The cognitive dissonance between Mr Hunt’s speeches and statements about learning, candour and openness and his Monday morning phone calls on performance to, oh, pretty much everybody; not to mention his more recent insistence on chief executives’ heads rolling seems to be lost on nobody except him.
I don’t know whether Theresa May likes Jeremy Hunt, but she can almost certainly see or sense some of herself in him. (Perversely, as prime minister, Mrs May’s weakness is probably the main thing keeping her in the job. She is weak enough for both the ultra Brexiteers and the liberal, One Nation wing to push around. Brexit will probably be the death of the Conservative And Unionist party, in not too many years’ time.)
For that reason, I think Mrs May will set Mr Hunt free from the Department of Health. Mr Hunt has delighted us long enough as secretary of state for health. He is sufficiently associated with the current NHS crisis and its roots to provide six to nine months’ political air cover for his successor – after that time, people will be focusing on nothing but the impending chaotic realities of a fast approaching Brexit of as yet uncertain flaccidity.
So by moving Mr Hunt mid crisis, the Conservative government buys itself a temporary firewall on the NHS crisis. So far, so “Machiavelli For Dummies”.
But that won’t put out the fires currently burning in the service.
The politician is not the problem
Is removing Mr Hunt now the right move anyway?
It probably is. The snarking of the Hunt on Twitter (which has been snowballing over the past year) indicates that he has come to see himself as a martyr to NHS transparency reform that is in practice being sent into reverse by the current mismatch between demand pressures and available workforce and resources.
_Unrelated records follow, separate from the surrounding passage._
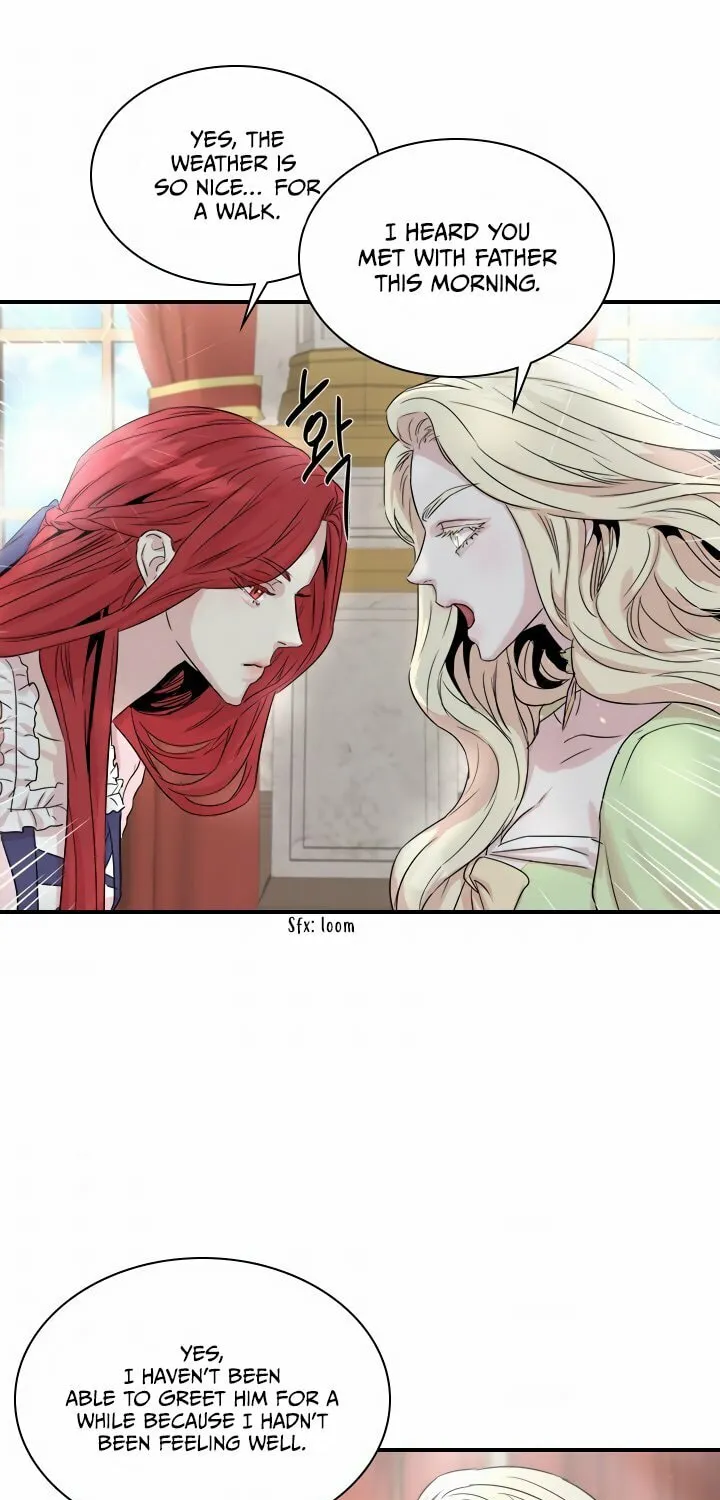 Aideen Chapter 3 page 54 - 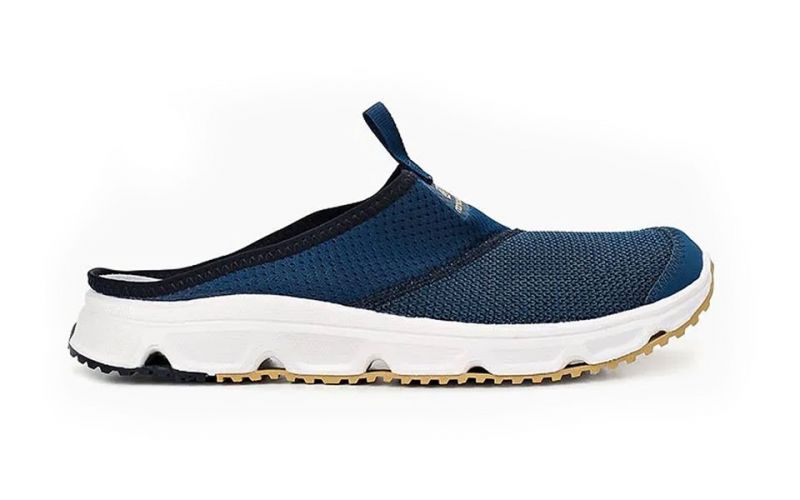 Rx cheap slide 4.0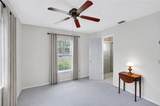 7666 134th Street - Photo 11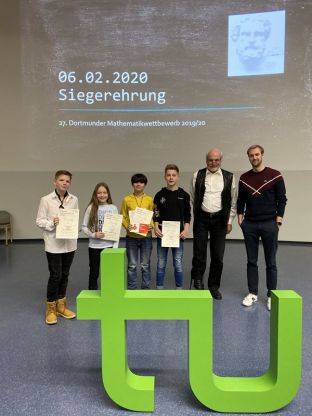 Mathewettbewerb 2020-08.jpeg
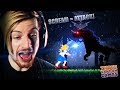 A GAME THAT USES YOUR MICROPHONE It S Amazing 3RG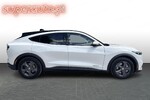 Ford Mustang Mach-E 75kWh RWD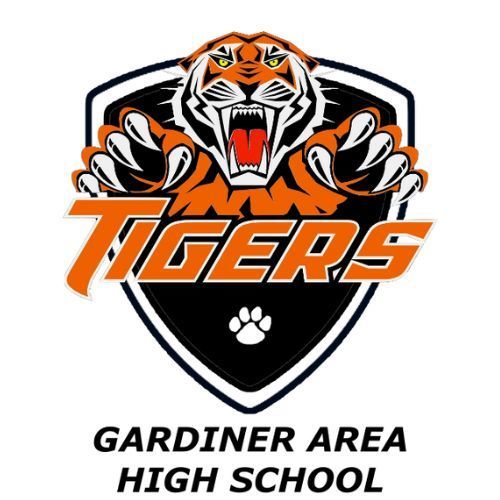 gahs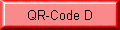 QR-Code D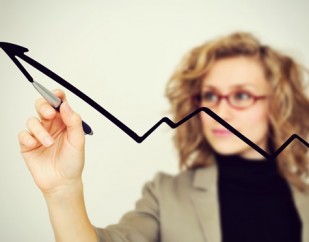 Como-vender-mais-na-crise-televendas-cobranca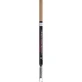 L'Oréal Paris Infaillible Brows 24h Micro Precision Pencil - Crayon à sourcils n° 8.0 Blond clair froid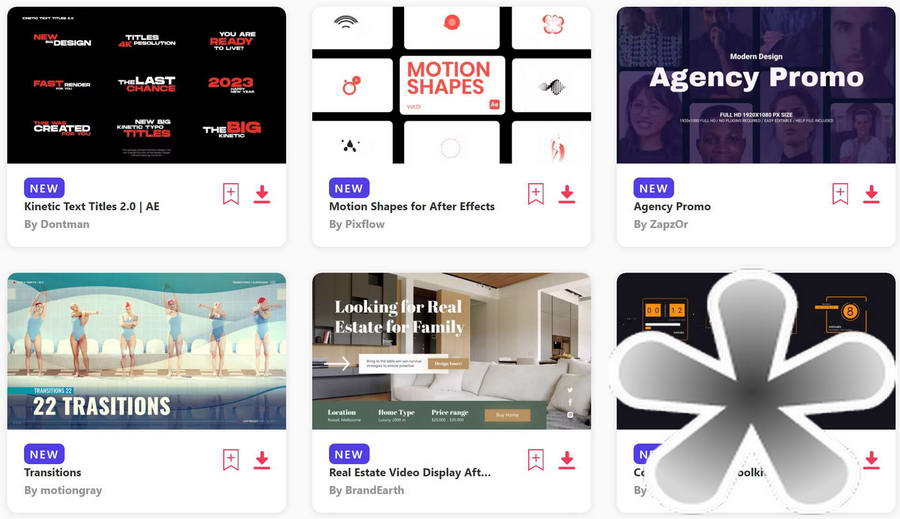 50942 Video Templates Compatible with Adobe After-2.jpg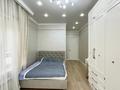 3-бөлмелі пәтер · 110 м² · 10/10 қабат, Розыбакиева 310а, бағасы: 120 млн ₸ в Алматы, Бостандыкский р-н — фото 19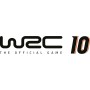 Wrc 10. World Rally Championship 10. The Official Game - Versión Española (Ps4)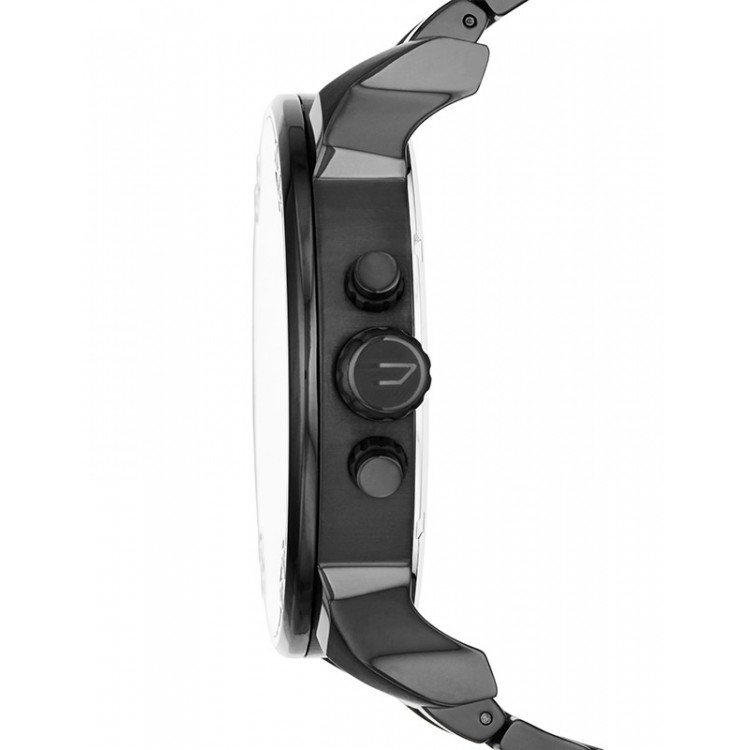 Ceas Barbati, Diesel, Mr. Daddy 2.0 DZ7312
The politician is not the problem.
The NHS as a “bottomless pit for money” is not the problem, either.
We know what the problem is.
The mismatch between demand and funding and workforce availability and skill mix is the problem. Culture is also the problem. So are primary care, competent operational management, and learning from best practice. They are the problem too.
‘Doing an AJ’
That is what the service needs. However, A Big Problem will arise if Mrs May decides that what the government needs is someone who can “do an AJ” – get NHS issues reported as a “news in brief” item on page eight of the nationals, as Alan Johnson so successfully did for Gordon Brown, back in the Era Of Money.
“Doing an AJ” won’t be possible in today’s NHS, but if Mr Hunt is moved (as I suspect), his successor will have to learn that lesson the hard way. We could well go from the longest serving health secretary ever to the shortest serving one. Sackings give a prime minister control of the news cycle for 24 hours or so.
The choke point
If there is to be progress, then it will need some level of political consensus, such as Lib Dems leader Norman Lamb has been suggesting for some time.
Maybe we need to asset lock and mutualise the NHS on the lines of the Wine Society (my favourite mutual); maybe the model is the BBC licence fee.
If the funding power remains with Westminster politics, then the choke point does too. And it chokes both the NHS and the politicians.